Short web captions
--------------------------------------------------

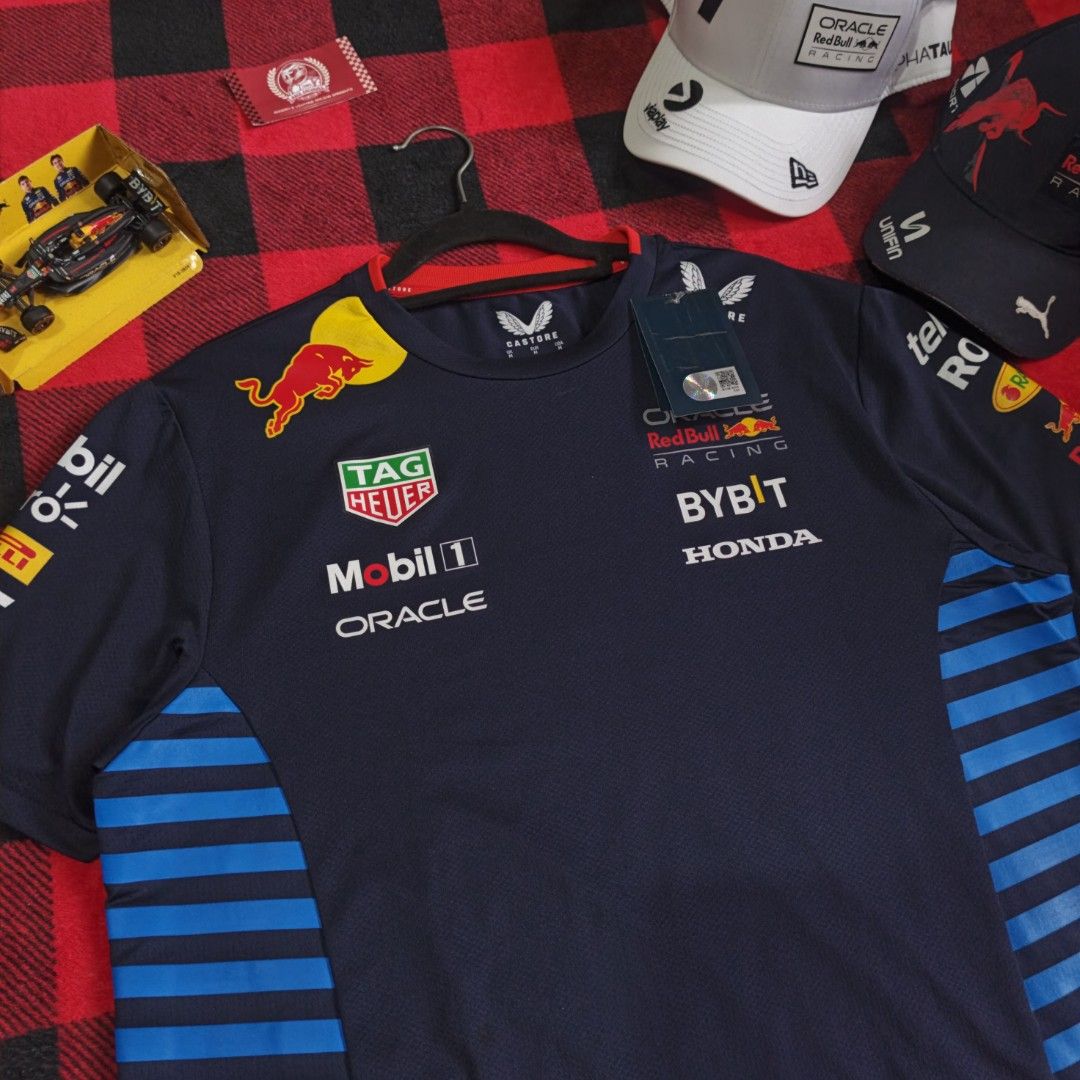 Bnew Redbull 2024 team shirt (Category: Tshirts & Polo Shirts ) located in Subic. Submitted by racearchives_jep (Listing ID 1464304607, Image 3). Description: 21x28.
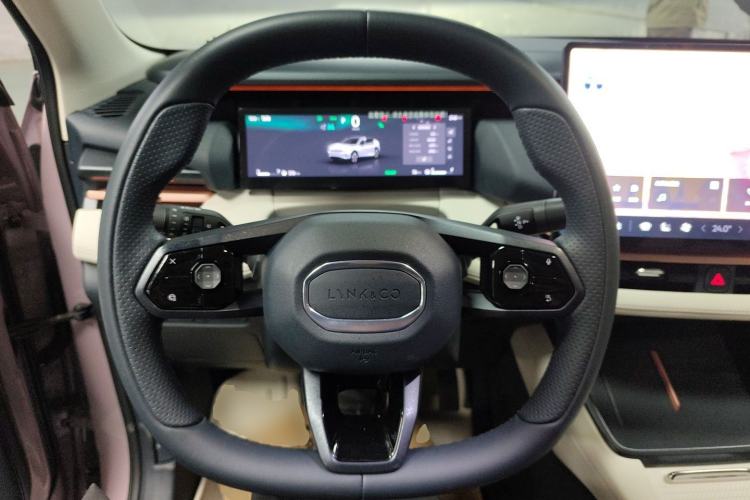 Used Lynk & Co 06 EM-P 2025 EM-P 126 Long-Range Halo
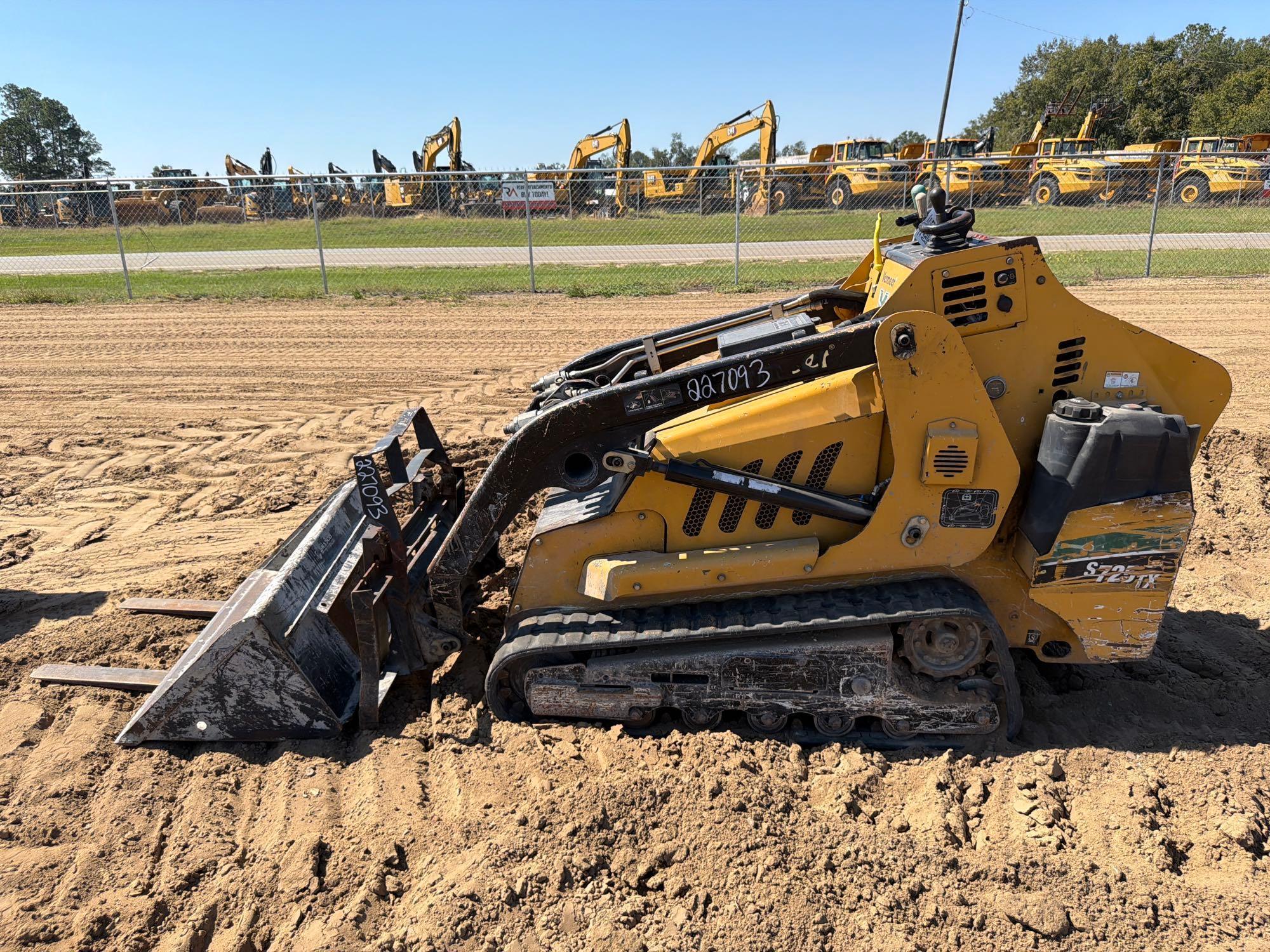 2017 Vermeer 725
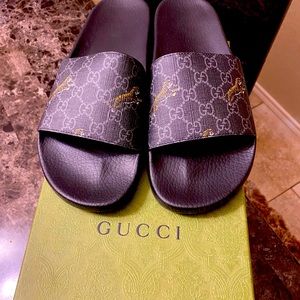 GG Supreme Tigers Multicolor GUCCI SLIDES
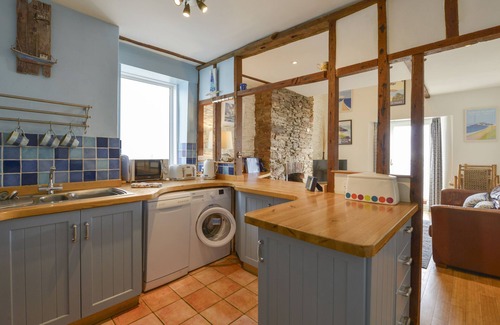 Torcross Cottage | 2 BAYVIEW, pet friendly, character holiday cottage in Torcross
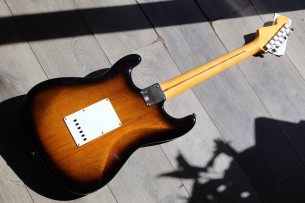 FENDER "American Vintage II 1957, Two Tone Sunburst" HARDCASE, 3, 77 KG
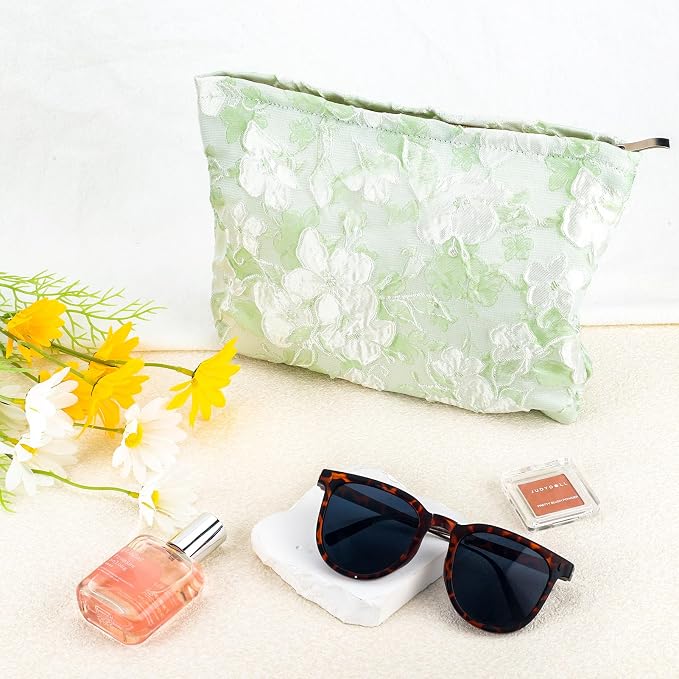 ZLFSRQ Flower Makeup Bag for Women Girls Teens Travel Cute Floral Cosmetic Bags Large Zipper Cosmetic Pouch for Purse Portable Toiletry Bag Aesthetic Embossed Green Makeup Brushes Storage Organizer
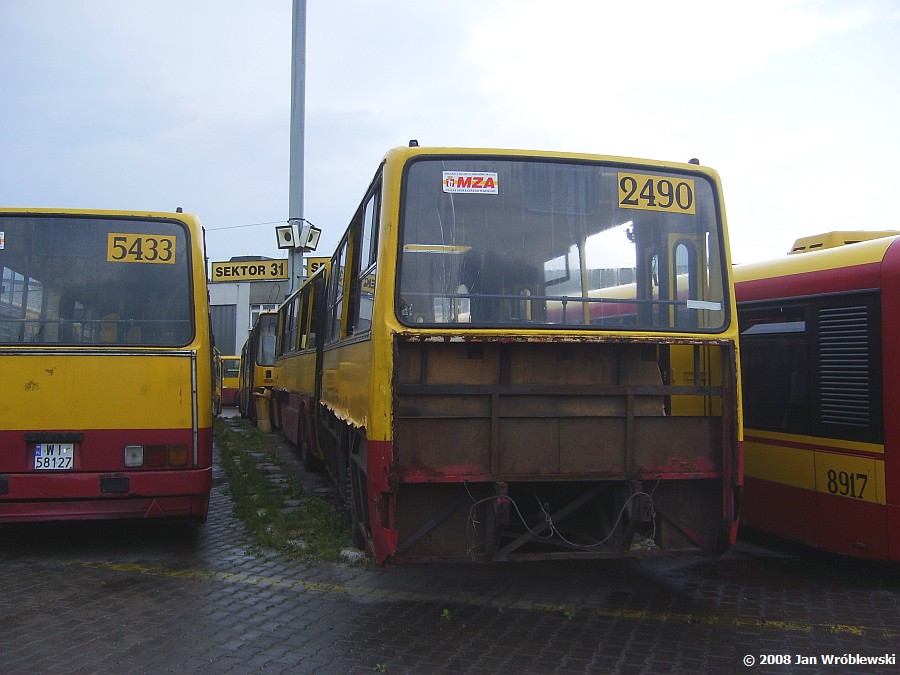 2490
Kilka tygodni póniej pocięto go na szrocie niedaleko dw. Wschodniego. Po lewej 5433, który własnie został wystawiony na sprzedaż.
Ikarus 280.26 / Prod. 1986 / NG 1993 exUOP / NG2 1997 / 2003 ex2911 / skreślenie 05.2008 / Kasacja 08.2008

Słowa kluczowe: ik280 2490 ZajezdniaStalowa 2007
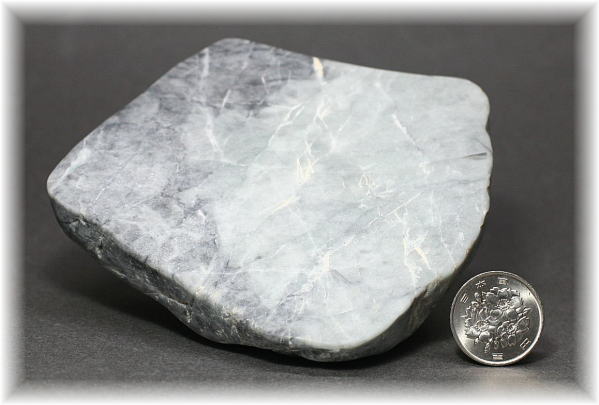 糸魚川産]翡翠原石 - 埼玉県吉川市の天然石専門店・水晶パワーストーン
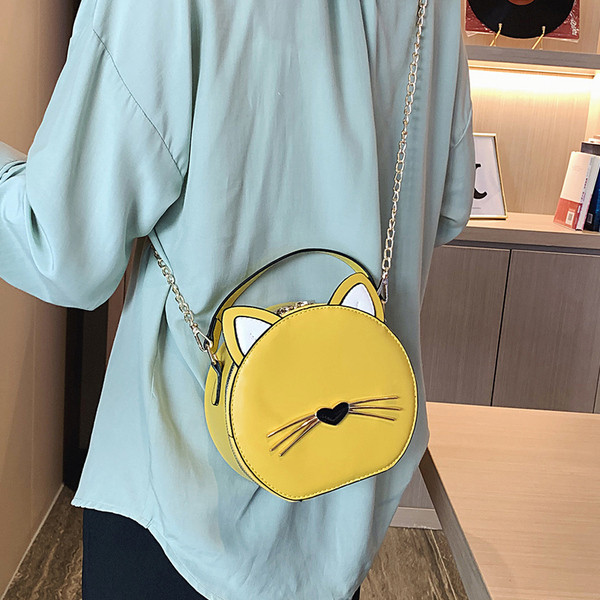 Geanta dama cu element 3D si maner metalic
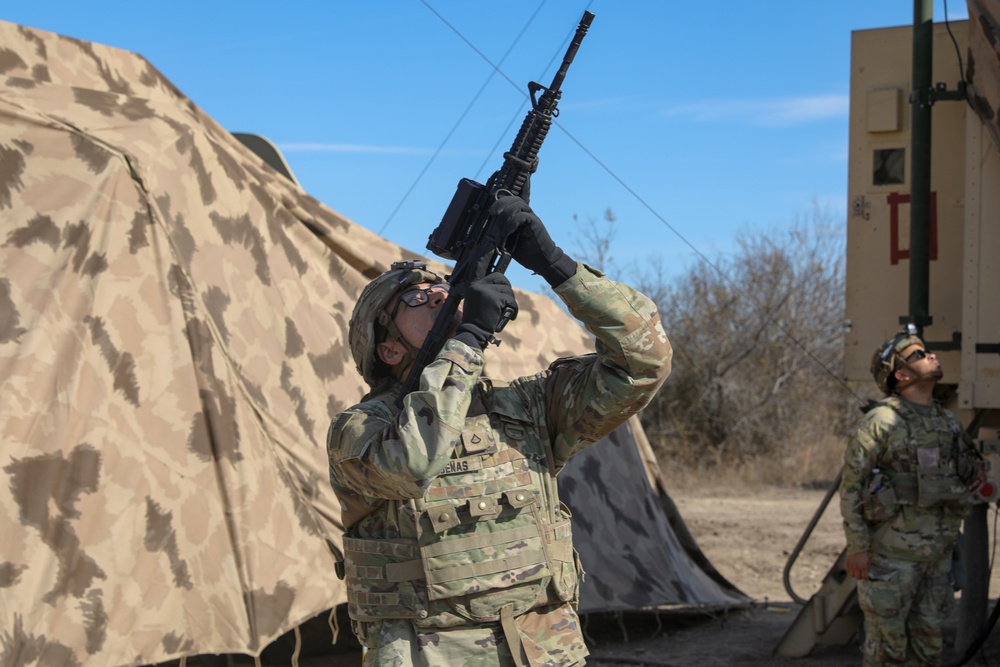 Simulated drone reaction exercises during field training exercises on Fort Cavazos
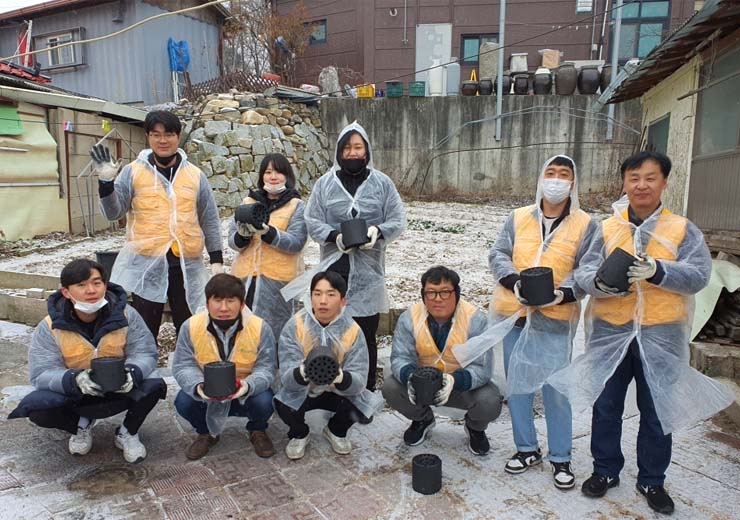 유유제약, 겨울 맞이 사랑의 연탄 나눔 봉사활동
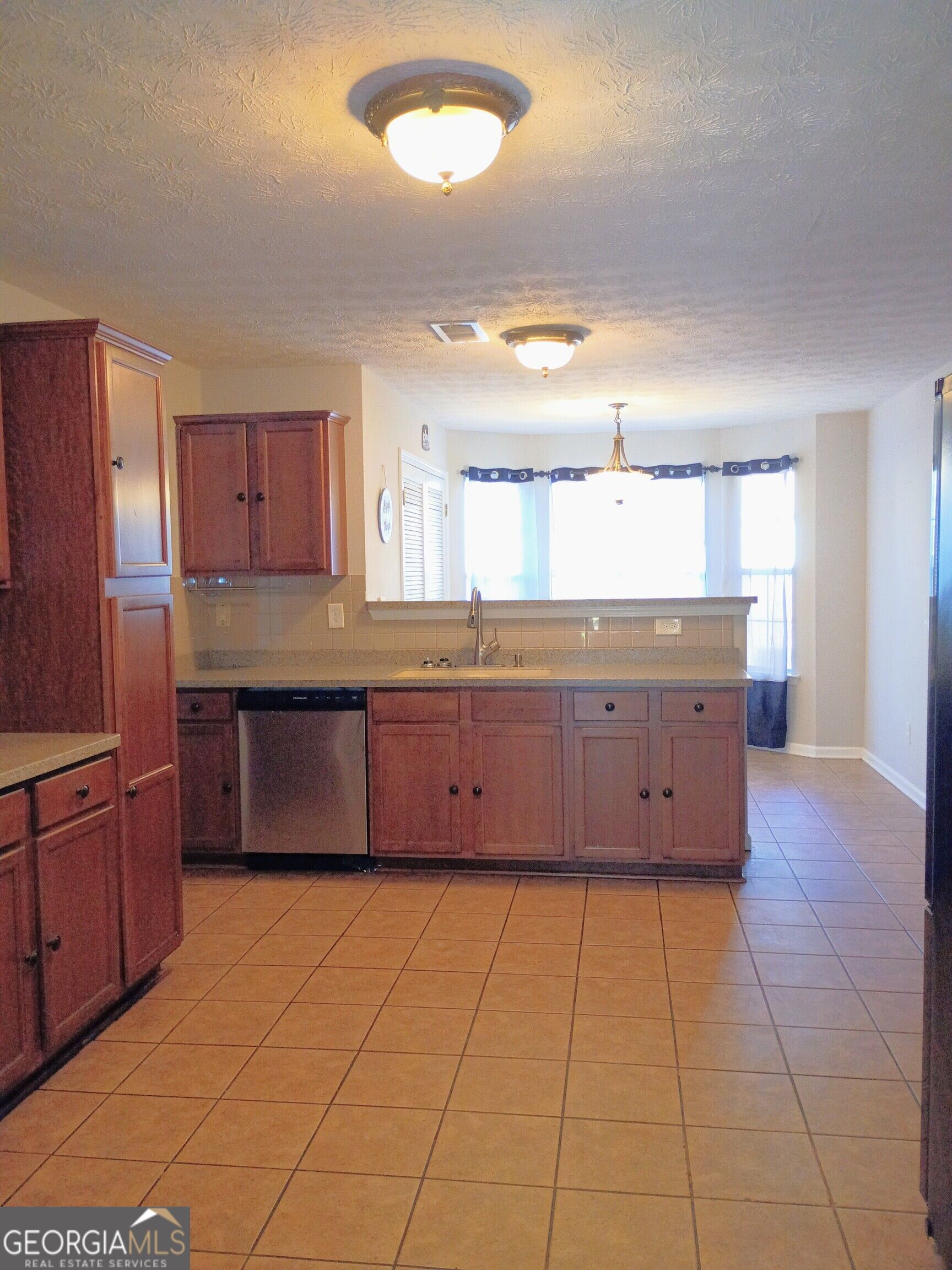 295 Vaness Drive Property Photo 5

--------------------------------------------------

Exercise: Your reply must reproduce all of the entries exactly and contain no pictures.

Problem solution:
 Bnew Redbull 2024 team shirt (Category: Tshirts & Polo Shirts ) located in Subic. Submitted by racearchives_jep (Listing ID 1464304607, Image 3). Description: 21x28.
 Used Lynk & Co 06 EM-P 2025 EM-P 126 Long-Range Halo
 2017 Vermeer 725
 GG Supreme Tigers Multicolor GUCCI SLIDES
 Torcross Cottage | 2 BAYVIEW, pet friendly, character holiday cottage in Torcross
 FENDER "American Vintage II 1957, Two Tone Sunburst" HARDCASE, 3, 77 KG
 ZLFSRQ Flower Makeup Bag for Women Girls Teens Travel Cute Floral Cosmetic Bags Large Zipper Cosmetic Pouch for Purse Portable Toiletry Bag Aesthetic Embossed Green Makeup Brushes Storage Organizer
 2490
Kilka tygodni póniej pocięto go na szrocie niedaleko dw. Wschodniego. Po lewej 5433, który własnie został wystawiony na sprzedaż.
Ikarus 280.26 / Prod. 1986 / NG 1993 exUOP / NG2 1997 / 2003 ex2911 / skreślenie 05.2008 / Kasacja 08.2008

Słowa kluczowe: ik280 2490 ZajezdniaStalowa 2007
 糸魚川産]翡翠原石 - 埼玉県吉川市の天然石専門店・水晶パワーストーン
 Geanta dama cu element 3D si maner metalic
 Simulated drone reaction exercises during field training exercises on Fort Cavazos
 유유제약, 겨울 맞이 사랑의 연탄 나눔 봉사활동
 295 Vaness Drive Property Photo 5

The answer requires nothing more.